Modules

sm_analysis

This module contains the high level functions necessary to run the ‘Single Molecule Analysis’ on an input BAM file.

pacbio_data_processing.sm_analysis.add_to_own_output(gffs, own_output_file_name, modification_types)[source]

From a set of .gff files, a csv file (delimiter=”,”) is saved with the following columns:

  • mol id: taken each gff file (e.g. ‘a.b.c.gff’ -> mol id: ‘b’)

  • modtype: column number 3 (idx: 2) of the gffs (feature type)

  • GATC position: column number column number 5 (idx: 4) of the gffs which corresponds to the ‘end coordinate of the feature’ in the GFF3 standard

  • score of the feature: column number 6 (idx: 5); floating point (Phred-transformed pvalue that a kinetic deviation exists at this position)

  • strand: strand of the feature. It can be +, - with obvious meanings. It can also be ? (meaning unknown) or . (for non stranded features)

There are more columns, but they are nor fixed in number. They correspond to the values given in the ‘attributes’ column of the gffs (col 9, idx 8). For example, given the following attributes column:

coverage=134;context=TCA...;IPDRatio=3.91;identificationQv=228

we would get the following ‘extra’ columns:

134,TCA...,3.91,228

and this is exactly what happens with the m6A modification type.
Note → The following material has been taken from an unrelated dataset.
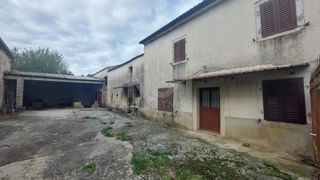 Kringa - starina za prodajo in obnovo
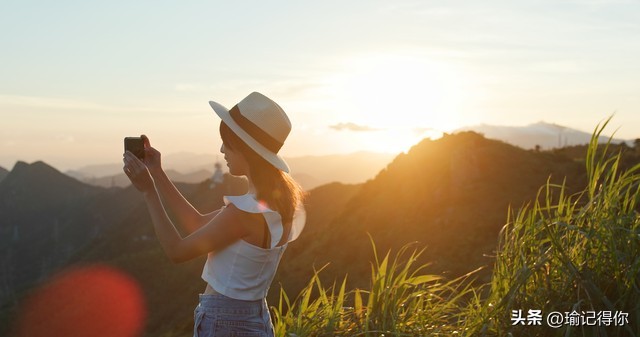 男子低头玩手机差点被绊倒,男子低头玩手机过马路被撞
All the lines starting by ‘#’ in the gff files are ignored. The format of the gff file is GFF3: https://github.com/The-Sequence-Ontology/Specifications/blob/master/gff3.md

The value of identificationQV is a a phred transformed probability of having a detection. See eq. (8) in [1]

[1]: “Detection and Identification of Base Modifications with Single Molecule Real-Time Sequencing Data”

pacbio_data_processing.sm_analysis.generate_CCS_file(in_bam: Union[pathlib.Path, str], ccs_bam_file: Optional[Union[pathlib.Path, str]])[source]

Idempotent computation of the Circular Consensus Sequence (CCS) version of the passed in in_bam file done with pacbio_data_processing.ccs.ccs().

pacbio_data_processing.sm_analysis.generate_aligned_CCS_file(ccs_bam_file: Union[pathlib.Path, str], aligned_ccs_bam_file: Optional[Union[pathlib.Path, str]], fasta: Union[pathlib.Path, str], nprocs: Union[int, str], blasr: pacbio_data_processing.blasr.Blasr, variant: str = 'straight') Optional[pathlib.Path][source]

It calls the blasr program to align the ccs_bam_file. If aligned_ccs_bam_file is given, it is used as the output filename. If not given, a name is generated using a prefix based on the variant parameter followed by ccs_bam_file:

  • variant='straight' (default) -> blasr. prefix

  • variant='pi-shifted' -> pi-shifted.blasr. prefix

Returns

The path to the aligned CCS BAM file for the requested variant, if it could be computed, or None if it could not. That is decided by the blasr object. An aligned BAM file cannot be computed by blasr if it is being produced by a parallel computation. (See pacbio_data_processing.blasr.Blasr for details.)

pacbio_data_processing.sm_analysis.main_cl()[source]

Entry point for sm-analysis executable.

pacbio_data_processing.sm_analysis.map_molecules_with_highest_sim_ratio(bam_file_name: Optional[Union[pathlib.Path, str]]) dict[int, pacbio_data_processing.bam_utils.Molecule][source]

Given the path to a bam file, it returns a dictionary, whose keys are mol ids (ints) and the values are the corresponding Molecules. If multiple lines in the given BAM file share the mol id, only the first line found with the highest similarity ratio (computed from the cigar) is chosen: if multiple lines share the molecule ID and the highest similarity ratio (say, 1), ONLY the first one is taken, irrespective of other factors.